Ma la versione del presidente dei medici è ben diversa: “Già dall'ultima campagna elettorale, io e altri amici di partito avevamo avuto modo di maturare diverse perplessità sull’operato del partito nazionale. A cominciare da alcuni sui discutibili esponenti, come il consigliere regionale pugliese che ha aspirazioni al Comune di Bari, e che ha millantato il suo rapporto con l'attuale sindaco Michele Emiliano, come abbiamo avuto modo di capire quando quest'ultimo ha preso parte alla kermesse di Lacorazza al Don Bosco.  Chiaramente si trattava di dubbi che non abbiamo ritenuto utile esprimere durante la campagna elettorale. E, infatti, alle regionali abbiamo riscosso un buon successo. Grazie soprattutto alla qualità delle persone scese in campo che hanno consentito a un partito che non aveva grosso radicamento sul territorio di avere un esponente in Consiglio regionale. Di recente ho espresso le mie perplessità al gruppo dirigente. Ed è da questo è scaturito il venir meno del rapporto di fiducia». In merito all'episodio della riunione del tavolo del centrosinistra, Mazzeo Cicchetti chiarisce ancora: «La richiesta della presenza del responsabile nazionale degli enti locali, a mio avviso, non aveva senso, visto che non si trattava di aprire una trattativa con le altre forze di centro sinistra. Senza tener conto del fatto che la convocazione dell'incontro è arrivata solo il 23 dicembre. Non ho avuto quindi tempo per avvisare».

Il presidente dei medici annuncia al Quotidiano un incontro che lunedì mattina terrà con alcuni esponenti del partito vicini alle sue posizioni, per decidere sul da farsi.
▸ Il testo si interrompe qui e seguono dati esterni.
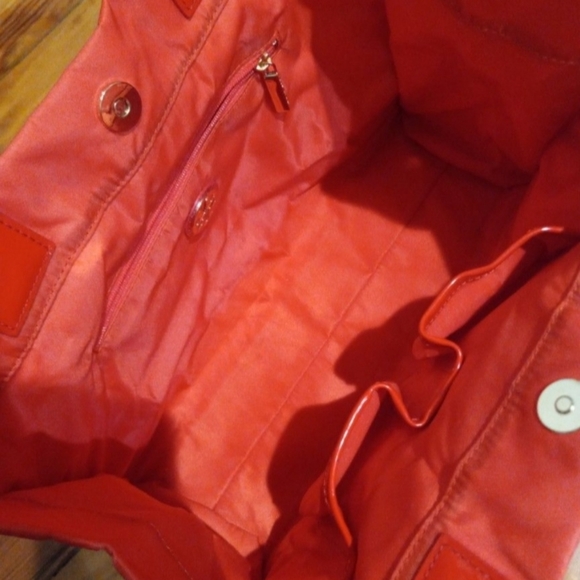 Tory Burch tote orange - Picture 8 of 15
Nel frattempo, il nuovo commissario Borzillo -  “persona dalle indiscusse capacità organizzative”, scrive Olivieri - dovrà guidare il partito nelle fasi delicate delle prossime scadenze elettorali, prima fra tutte la nomina del nuovo gruppo dirigente della città di Potenza. Sarà affiancato dal vice commissario Vincenzo Paolino, mentre sono stati confermati gli icarichi dei commissari provinciali di Potenza e Matera, Angelo Lamboglia e Domenico Cammisa.